Can I initialize some data within a compute region?

Hello all,

I’m currently doing a task that needs to dynamically allocate some GPU memory within a routine / compute region. It’s something similar to the below code block.

#include <iostream>

using namespace std;

#pragma acc routine seq
int *routine(int init) {
	int *ptr;
	#pragma acc data create(ptr[:10])
	for (int i = 0; i < 10; ++i) {
		ptr[i] = init + i;
	}
	return ptr;
}

void print_array(int *arr) {
	for (int i = 0; i < 10; ++i) {
		cout << arr[i] << " ";
	}
	cout << endl;
}

int main(void) {
	int *arrs[5];

#pragma acc kernels
	for (int i = 0; i < 5; ++i) {
		arrs[i] = routine(i);
	}

	for (int i = 0; i < 5; ++i) {
		print_array(arrs[i]);
	}
	return 0;
}

in this demo code, I tried to run the routine for a few times and inside the routine, This is something similar to my task. I’m trying to create some data. The problem is that in my task I cannot create the data out of the region because the size of the elements to be allocated cannot be decided until runtime (and the estimation of maximum possible elements will explode my GPU).

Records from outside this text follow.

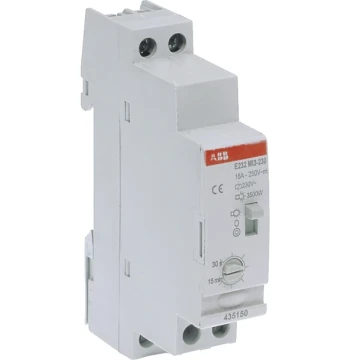 Minuterie d'escalier modulaire E232 MI3 - Réf. 460595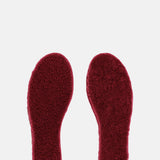 Ilda's Sheep Insoles Light Bordeaux.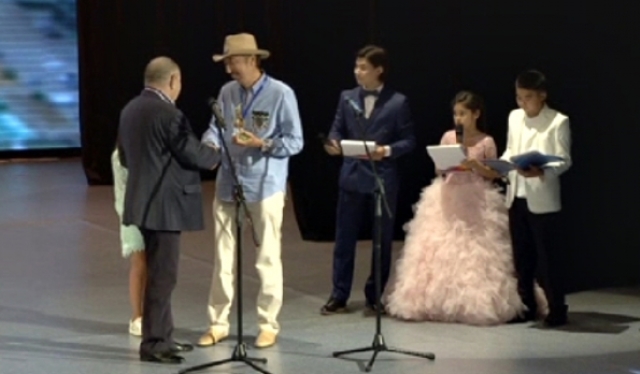 Халықаралық балалар кинофестивалінің жеңімпаздары марапатталды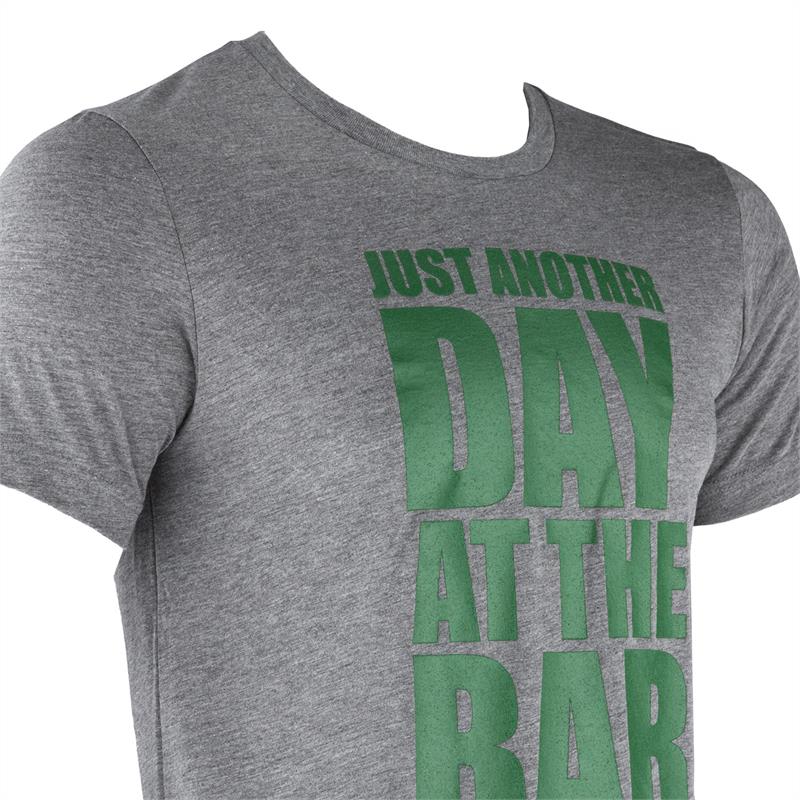 Capital Sports veľkosť M, sivé, tréningové tričko, pánske – Obrázok 3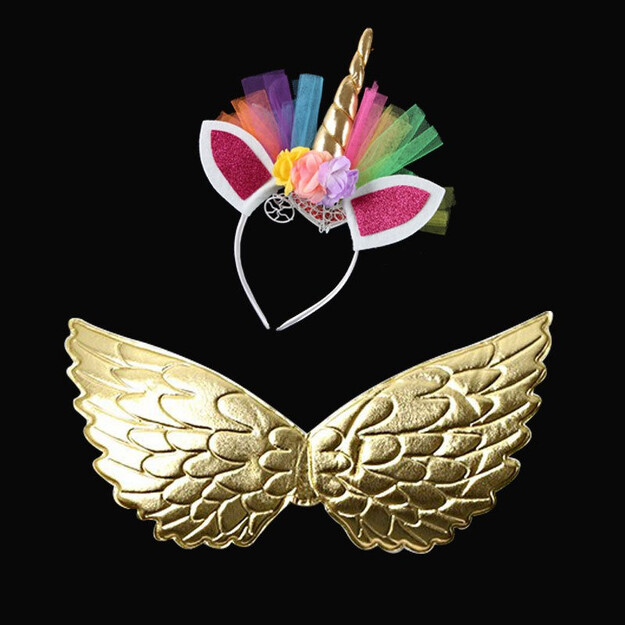 Maagiline ükssarviku kostüümikomplekt: muljetavaldavad kostüümid tüdrukutele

I can compile it and below is what I got for this demo from

lisanhu@lisanhu-XPS-15-9550:create_and_copyout$ pgc++ -o test main.cc -acc -Minfo=accel
routine(int):
      6, Generating acc routine seq
main:
     23, Generating implicit copyout(arrs[:])
     26, Accelerator restriction: size of the GPU copy of arrs is unknown
         Loop is parallelizable
         Generating implicit copy(arrs[:][:])
         Accelerator kernel generated
         Generating Tesla code
         26, #pragma acc loop gang, vector(32) /* blockIdx.x threadIdx.x */

The running result


lisanhu@lisanhu-XPS-15-9550:create_and_copyout$ ./test 
call to cuStreamSynchronize returned error 715: Illegal instruction

Is there some way for me to do this? Really appreciate it.

Hi SanhuLi,

There are number of problems here. First, your program isn’t a valid C/C++ program since “ptr” needs to allocated. Also, you can’t put an OpenACC data region within a compute region or “routine”. You can dynamically allocate data on the device by calling malloc but it is not recommended. Having each thread allocate data on the device is very slow and by default there’s only 8MB of heap. Even if you do create device side memory, it doesn’t persist between kernel calls and wouldn’t be accessible from the host.

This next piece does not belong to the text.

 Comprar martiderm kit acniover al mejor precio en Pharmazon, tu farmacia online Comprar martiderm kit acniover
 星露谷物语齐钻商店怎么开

The problem is that in my task I cannot create the data out of the region because the size of the elements to be allocated cannot be decided until runtime (and the estimation of maximum possible elements will explode my GPU).

Do you have an example from your original code showing what you’re trying to do? Once I have a better understand of the problem, hopefully can give you better recommendations on how to solve it.

  • Mat

Hello Mat,

Thank you so much for your help. I know that demo is not valid but that’s the best I can do to summarize my problem.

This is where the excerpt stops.